Does IOSS help or hinder consumer sales into the EU?
In the parallel universe where we voted 52:48 to remain in the EU, there is probably a lot more discussion about the implementation of the new OSS platform than is currently taking place in this one.
This is not because it isn’t relevant post-Brexit, just that with a lot of things that have happened since the end of the transition period it has all become a little more complicated and harder to dissect.
OSS stands for One Stop Shop and is an electronic portal aimed at B2C sellers. It will allow businesses selling to consumers in multiple countries in the EU to declare and pay VAT on all of those sales in one return, and in the country from where they are selling the goods.
So let’s take as an example a music instrument reseller in France, who also sells products to consumers in other member states. Every time a cross-border sale is made the reseller would charge and collect the VAT pertinent to the country into which the sale is being made i.e. a sale into Italy would reflect the local VAT rate of 22%. The reseller would then account for its domestic sales VAT in France, and its cross-border sales in a single return via the OSS platform.
This alleviates the need to be registered for VAT in each individual country in the EU that the reseller is exporting to.
To register for OSS a company must hold finished product in a member state country, and in the case of a UK company (non-member state), you may also require fiscal representation in the country you have inventory and intend to register.
So what is IOSS?
IOSS stands for the Import One Stop Shop, and the difference between IOSS and OSS is where the stock is held. For IOSS the stock is held outside the EU (i.e. in the UK) and is sold directly to individual consumers across the EU. The value of these sales must be at a value under €150.
As with OSS, any sale made into a member state must have the correct amount of local VAT applied, again relevant to the country where the consumer is based.

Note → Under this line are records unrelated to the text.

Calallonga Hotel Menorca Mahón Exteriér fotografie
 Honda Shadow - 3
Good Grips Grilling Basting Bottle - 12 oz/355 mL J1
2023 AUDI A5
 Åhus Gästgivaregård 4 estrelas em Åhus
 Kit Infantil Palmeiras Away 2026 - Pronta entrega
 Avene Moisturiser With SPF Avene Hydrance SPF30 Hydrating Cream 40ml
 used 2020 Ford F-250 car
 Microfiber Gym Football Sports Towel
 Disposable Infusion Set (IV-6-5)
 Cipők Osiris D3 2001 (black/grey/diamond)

Assuming that the UK reseller has the infrastructure to correctly levy this, then it is possible to submit all VAT collected on a single return through the IOSS.
Clearly, this is advantageous in comparison with dealing with multiple VAT registrations at a country level, but it also has the advantage that it could potentially speed up Border Clearance because as there will be no VAT to account for or pay. Practically speaking the reseller will issue the nominated carrier with an IOSS reference, commodity code & invoice for customs and the import passes through a customs green channel. The net result is that the consumer will not be asked to pay VAT at the point of delivery, and should receive the goods quicker.
What’s the downside
I mentioned at the beginning that everything post-brexit comes with a catch, and it’s the same with IOSS.
Firstly it’s not 100% clear whether you can register directly with the IOSS portal or whether you need an intermediary. A ‘mutual assistance’ clause on tax was included as part of the Brexit TCA which removed the requirement for EU states to impose Fiscal Representative requirements on third country states.
However, at the moment it is unclear exactly how each country will interpret this. Ireland for example is requiring an intermediary for UK businesses wanting to register for IOSS there, whereas Italy isn’t. Many other EU countries are still in the process of confirming these guidelines.
The reason why this is important is that the cost of an intermediary will factor into the viability of IOSS. Early figures suggest this cost will fall between £200 to £500 per month, which is a fair chunk for a small to medium resale business to set against potential revenue. Certainly for a business currently trading across the border on an ad-hoc basis it would be hard to justify.
The second issue of course is the fact that many potential sales fall outside the €150 limit, and these transactions would have to be accounted for either by multiple VAT returns to multiple countries or by passing the VAT liability onto to the shipping agent to collect from the consumer prior to final delivery. It is of course this outcome that has led many resellers to abandon the idea of selling directly into the EU.